- Entries supplied
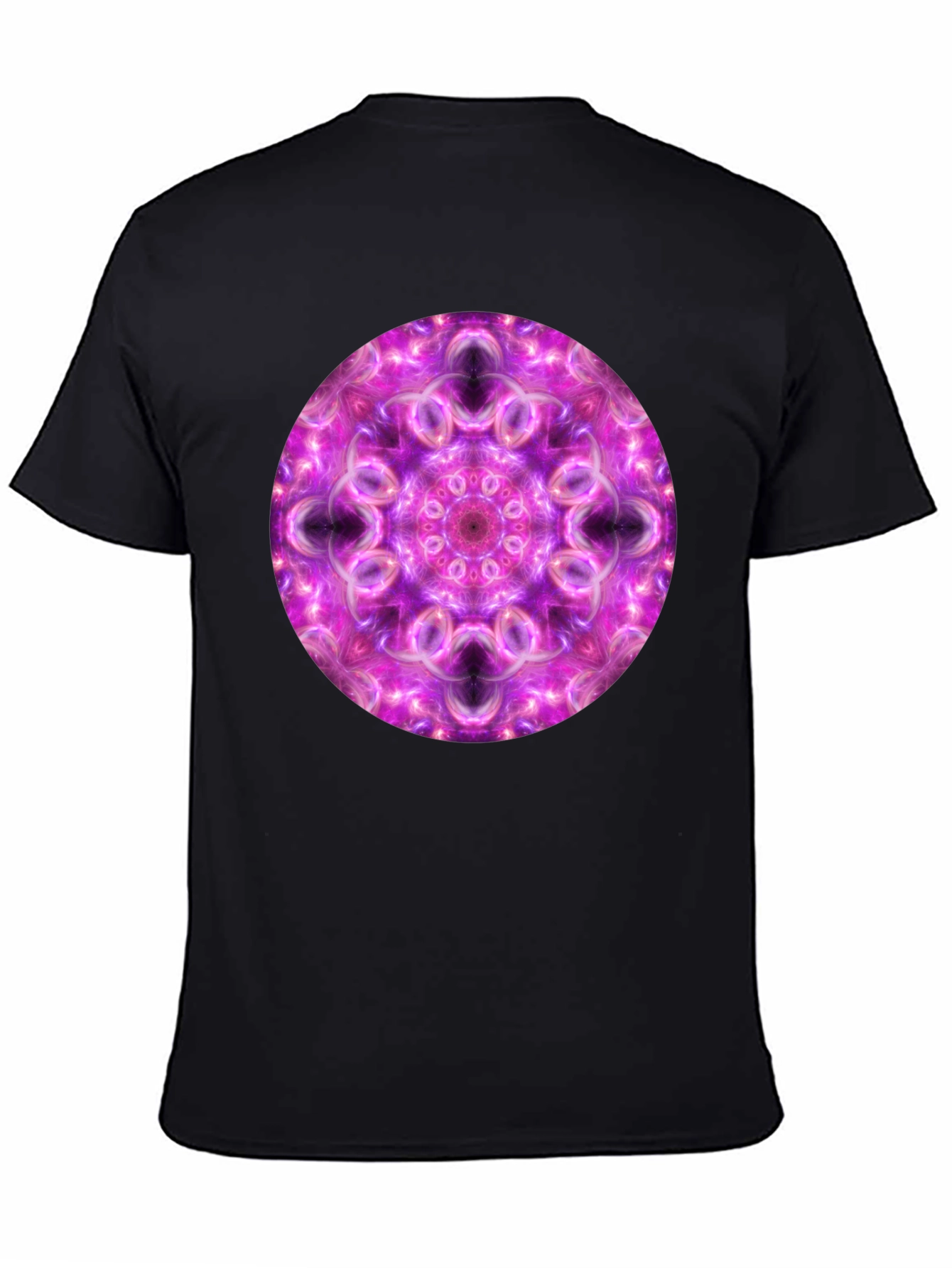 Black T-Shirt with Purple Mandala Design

==

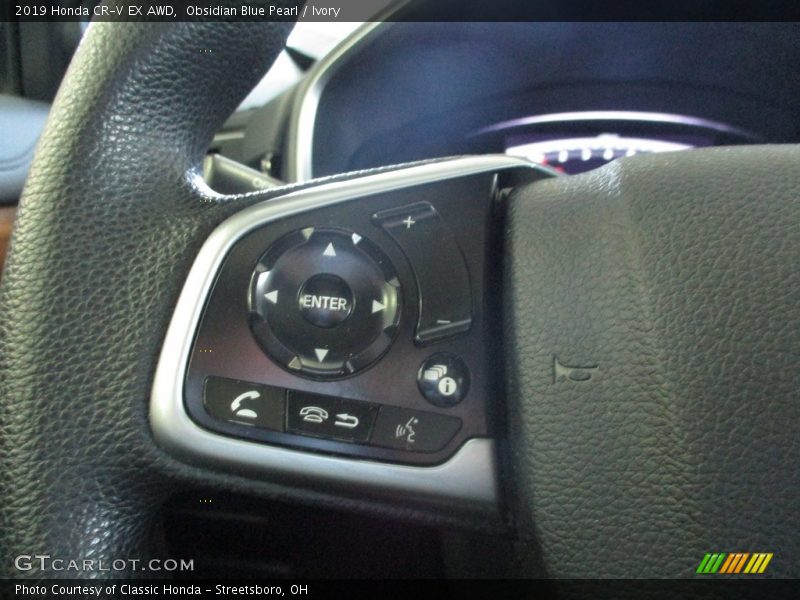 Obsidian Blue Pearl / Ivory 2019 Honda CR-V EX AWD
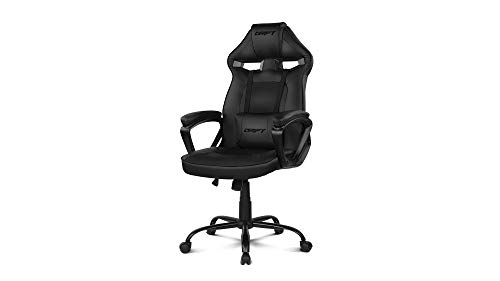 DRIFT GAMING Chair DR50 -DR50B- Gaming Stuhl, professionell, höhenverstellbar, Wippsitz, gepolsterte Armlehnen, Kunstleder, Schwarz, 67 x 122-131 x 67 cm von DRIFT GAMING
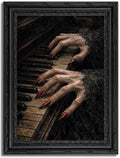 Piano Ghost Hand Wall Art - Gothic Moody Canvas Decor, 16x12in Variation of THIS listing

- What is required
Those lines of the records above that run from the one containing "DRIFT GAMING Chair" through the one containing "Piano Ghost Hand" should be returned exactly, with no pictures among them.

- Expected answer
 DRIFT GAMING Chair DR50 -DR50B- Gaming Stuhl, professionell, höhenverstellbar, Wippsitz, gepolsterte Armlehnen, Kunstleder, Schwarz, 67 x 122-131 x 67 cm von DRIFT GAMING
 Piano Ghost Hand Wall Art - Gothic Moody Canvas Decor, 16x12in Variation of THIS listing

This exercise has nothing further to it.